18/12/2020

VinteVinte - 159 (XI & XII, com duas ilustrações deluxe)



    XI


    Pessoas como Jacinto Xavier Damas Peres gostam muito de viajar por comboio ferroviário. À janela, é como cinema total. A pressa perde importância ou até significação. É mais ser elegante & parecer cultivado, de comboio para algures longe de casa, sobretudo se bem longe de casa. As grandes potestades mundiais nunca dispensaram – antes nela se fundamentaram – uma extensa, profícua & proficiente rede ferroviária. A Inglaterra é, historicamente, paradigma de tal asserção. 
    Jacinto deveras goza os ferrotransitivos. Como a solidão, em vez de pesar-lhe, sempre lhe foi espécie de levitação, ei-lo amiúde em movediço curso sobre carris. Não é que o chame qualquer afazer alhures. O ponto é tão-só o gosto-de-ir em amigável contraponto ao prazer-de-voltar. Muitos aplicam poupanças em investimentos, ou roupas, ou sapatos, ou bicicletas pró-aeróbicas, ou brasileiras, ou coiso. Jacinto Xavier Damas Peres poupa até no essencial para que lhe reste aberto o mapa de apeadeiros, aos quais aliás desce nunca.
    Compreendo-o bem. Também gosto do que ele tanto gosta. Cheguei a fazê-lo diariamente – mas por necessidade profissional, valha a verdade. Como já, hélas!, me não afligem precisões laborais externas, fico em casa a vê-los, aos comboios, chegando & partindo lá em baixo, na Estação Velha, cujo nome oficial é Coimbra-B – e cuja inauguração festiva ocorreu – sopra-me Jacinto – a cem anos do meu nascimento: 1864. Tenho apenas de confirmar o acerto desta sua alegação. 
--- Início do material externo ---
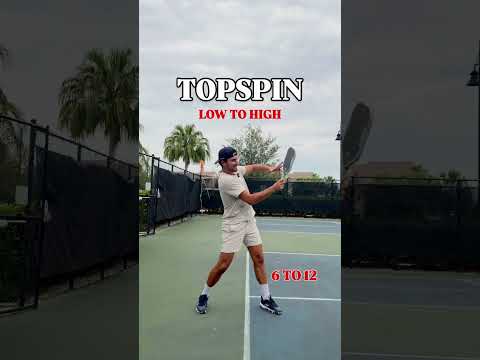 Understanding Tennis Betting Markets on Duff-spin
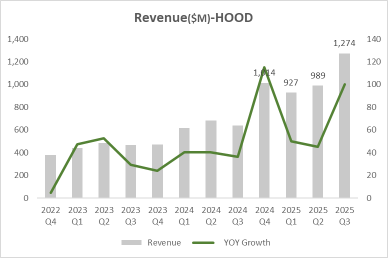 Robinhood Earnings Review: Record Revenue, Soaring Profit as Diversification Pays Off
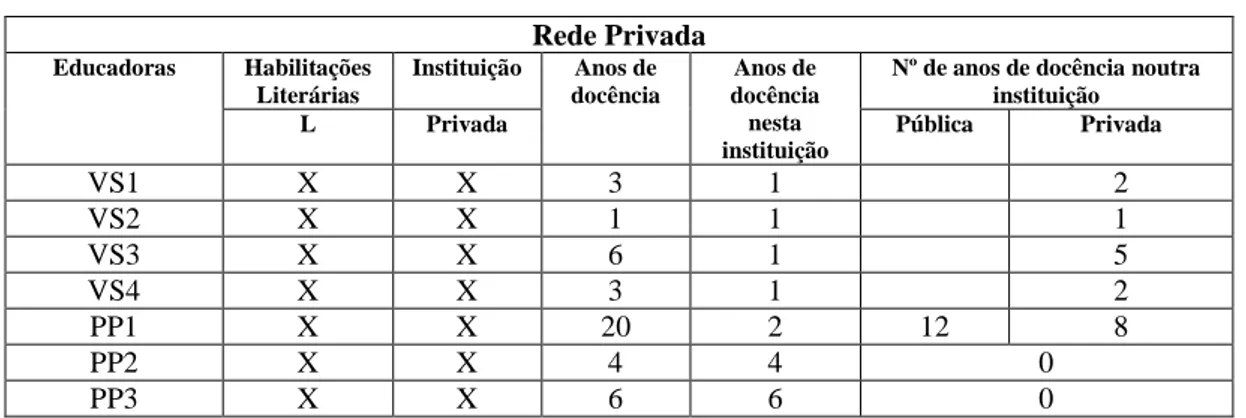 Tabela 4 – Formação inicial: rede privada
[P.S.: Jacinto acertou. Aquela estrutura foi inaugurada a 10 de Abril desse 1864 (um domingo). Ora, precisamente 53 anos depois, nasceu o meu Pai.]

    XII

    Em flagrante existência (nossa, de todos, por enquanto), sinais abundam em panorama por, sem excepção, toda a parte. Cabe a cada um ajuizar de sua/deles importância, frivolidade, urgência, senso, cabimento, necessidade, piada até.
    A nuvem carregada é índice natural. Os deícolas são sinais de pancada-mental. As mulheres sinalizam a propagação – e a propaganda – da espécie. (Conferir a gorducha-de-Willendorf.) Etc.
    Sinal de certa fadiga, minha, é estar sem versos há para cima de uma hora – bom sinal, portanto.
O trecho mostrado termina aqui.